He is appointed as the successor to an unfaithful king by a prophet of the lord. He flees to Egypt. He returns to Israel after Solomon is dead.
All of this most reminds us of the story of David, but also has echoes of the story of Moses and of Joseph. If Jeroboam repeats themes of the story of Moses in the Exodus, calling for his people to be let go, in Power in the North, Jeroboam proceeds to repeat the great sin of the Exodus. In order to establish a distinct cult in the North, he wants to prevent his people from defecting to Rehoboam.
And so he establishes two golden calves, declaring that they were the gods who brought Israel out of Egypt. This is repeating the sin of Aaron and the people in chapter 32 of Exodus. He copies and he doubles the sin of Aaron and the people.
And like Aaron, he builds an altar next to the calf at Bethel and declares a feast. He also installs a non-Levitical priesthood. Reminders of Aaron and his sin can also be seen in the fact that Jeroboam has two sons, sons named Nadab and Abijah.
We see this in chapter 14 verses 1 and 20. The two sons of Aaron killed by the lord for their profane fire in Leviticus chapter 10 were called Nadab and Abihu. Once again, the distorted Exodus themes serve to reveal just how bad Israel's situation has become.

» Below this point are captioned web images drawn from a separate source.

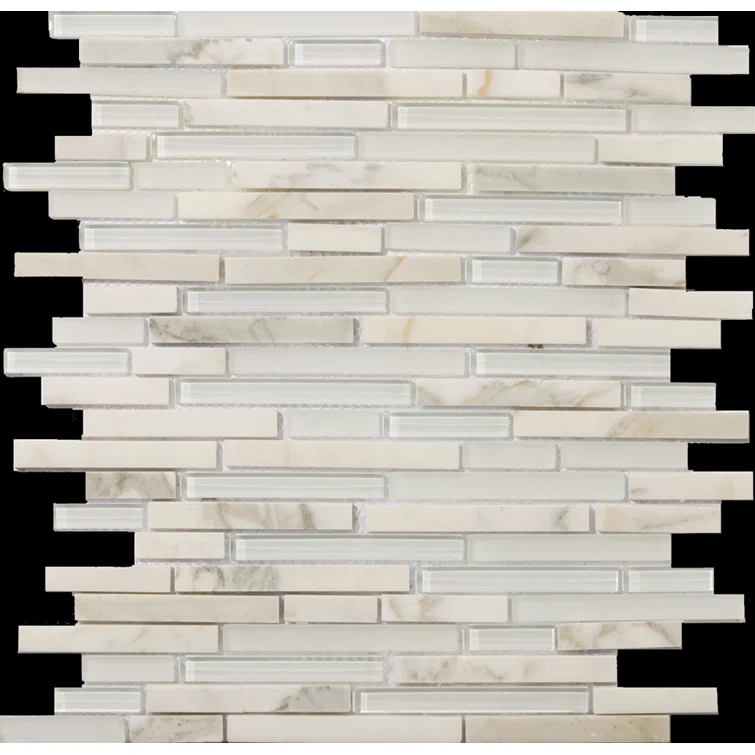 Lucente™ 12" x 13" Mixed Material Mosaic Tile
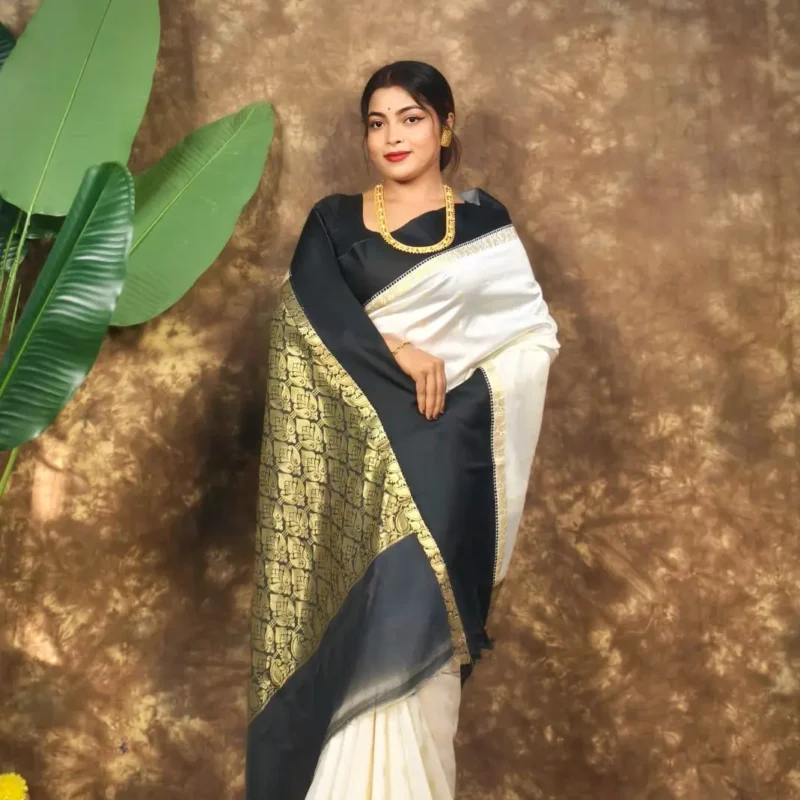 Silk katan sharee
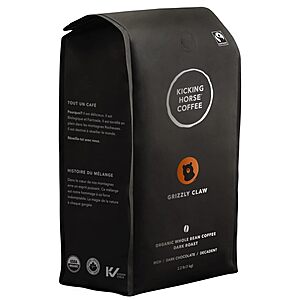 2.2-lbs Kicking Horse Organic Ground Coffee (Various Flavors) from $20.75 w/ S&S + Free Shipping w/ Prime or $35+
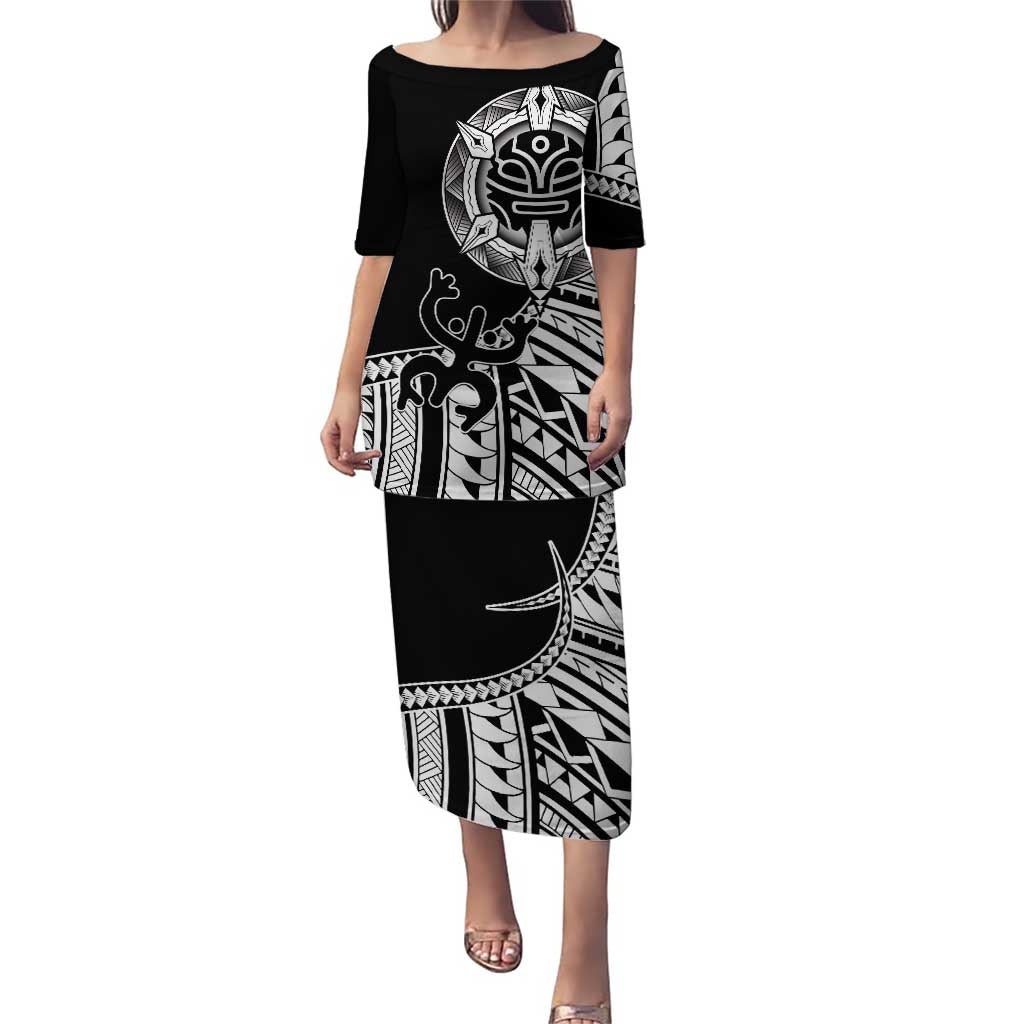 Taino Sun Traditional Tattoo Puletasi Polynesian Pattern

A question to consider, how might Jeroboam, Rehoboam, Israel and Judah have responded more faithfully to the breach that the lord established in the kingdom? Hebrews chapter 11 Now faith is the assurance of things hopeful, the conviction of things not seen. For by it the people of old receive their commendation. By faith we understand that the universe was created by the word of God, so that what is seen was not made out of things that are visible.
By faith Abel offered to God a more acceptable sacrifice than Cain, through which he was commended as righteous, God commending him by accepting his gifts. And through his faith, though he died, he still speaks. By faith Enoch was taken up, so that he should not see death, and he was not found because God had taken him.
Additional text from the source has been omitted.